Overview
While testing a model on the Model Details page in Minibase, you’ll see a setting called Max Tokens. This controls the maximum number of tokens the model is allowed to generate in its response.
A token is a piece of text—sometimes a whole word (“cat”), sometimes part of a word (“ing”), or even punctuation (“.”). Models generate responses token by token, so limiting the number of tokens directly limits how long a response can be.
How to Use
Step 1: Find the Max Tokens setting
Go to the Model Details page.
In the test/playground area, you’ll see a field for Max Tokens.
Adjust this number to control response length during testing.
Step 2: Decide when to lower Max Tokens
Use a lower value (e.g., 50–100 tokens) when:
You want short, snappy responses.
You’re testing classification or yes/no answers.
You want to keep responses fast and resource-efficient.
Step 3: Decide when to raise Max Tokens
Use a higher value (e.g., 300–500+ tokens) when:
You expect long explanations or multi-step reasoning.
You’re generating creative text, summaries, or translations of long passages.
You don’t want the model to get cut off mid-response.
Step 4: Balance length vs. control
If Max Tokens is too low, the model may stop in the middle of a sentence.

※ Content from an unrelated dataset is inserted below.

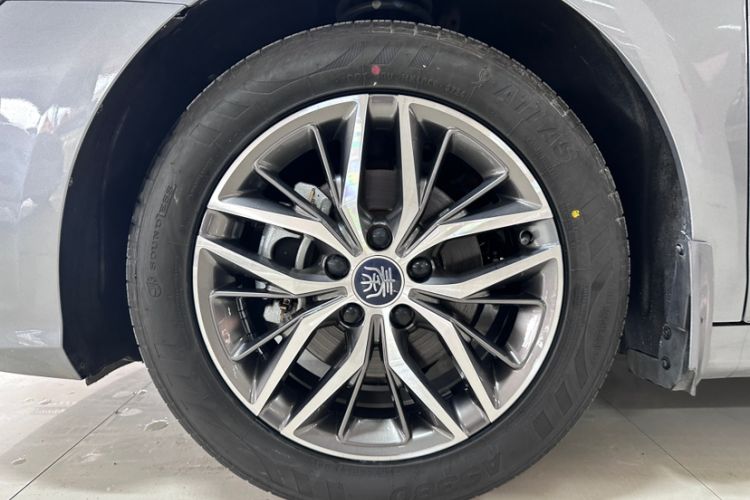 Used BYD Qin PLUS 2021 DM-i 55KM Flagship Model Exterior 9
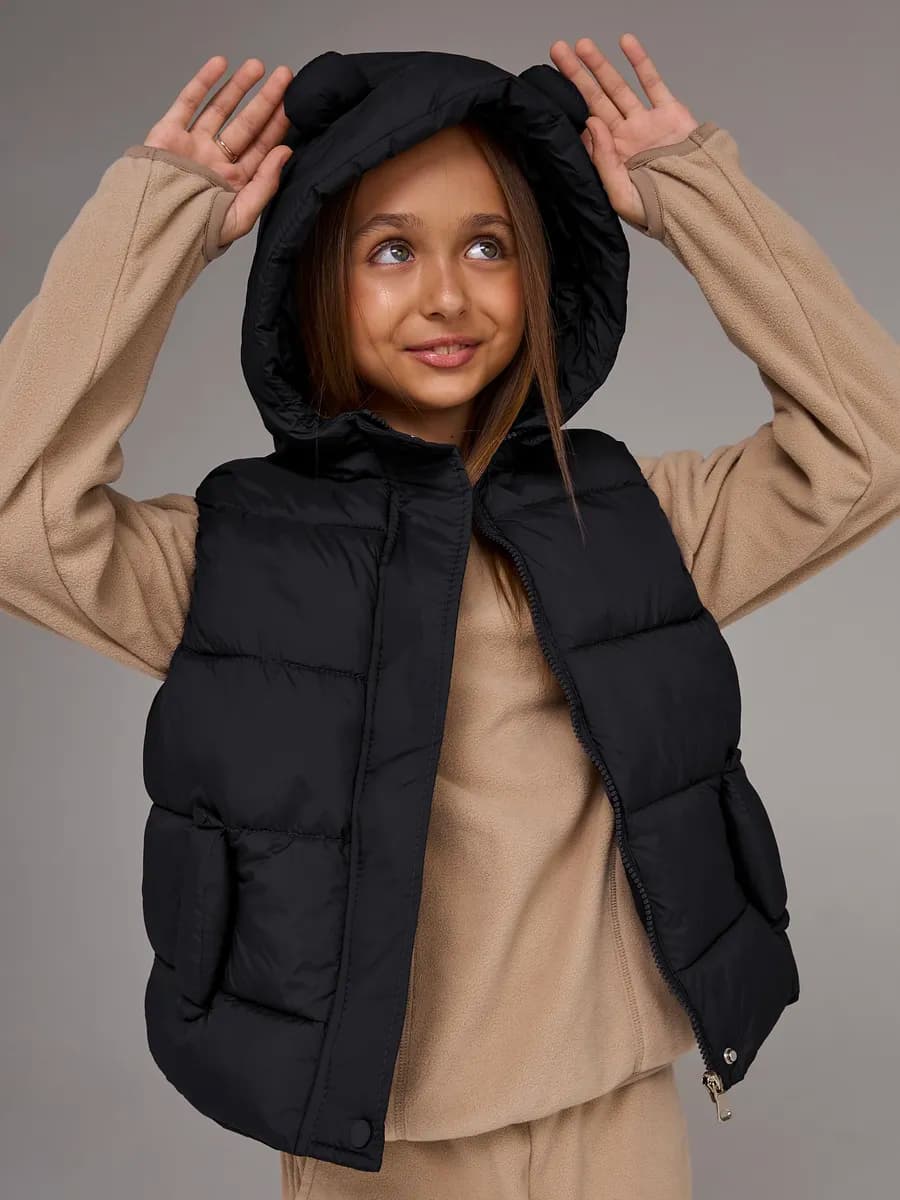 Жилетка детская утепленная безрукавка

If Max Tokens is too high, the model may generate more than you need—longer responses, slower inference, and higher compute usage.
Tips & Best Practices
Match the setting to your task: Keep Max Tokens tight for structured tasks, and higher for open-ended generation.
Iterate to find the sweet spot: Start with 200 tokens, then adjust up or down depending on your use case.
Don’t confuse it with Temperature: Temperature changes how random responses are, while Max Tokens changes how long they can be.
Think tokens, not words: One word is often 1–2 tokens. A Max Tokens of 200 usually means ~150 words, but this varies by language and punctuation.
Troubleshooting
My response is cut off mid-sentence
My response is cut off mid-sentence
Raise the Max Tokens value so the model has enough room to complete its output.
The model’s responses are too long or rambling
The model’s responses are too long or rambling
Lower the Max Tokens value to keep outputs shorter and more focused.
I don’t understand how many words my Max Tokens setting represents
I don’t understand how many words my Max Tokens setting represents
As a rule of thumb, **1 token ≈ ¾ of a word in English**. So 100 tokens is roughly 75 words. The exact number varies depending on language and punctuation.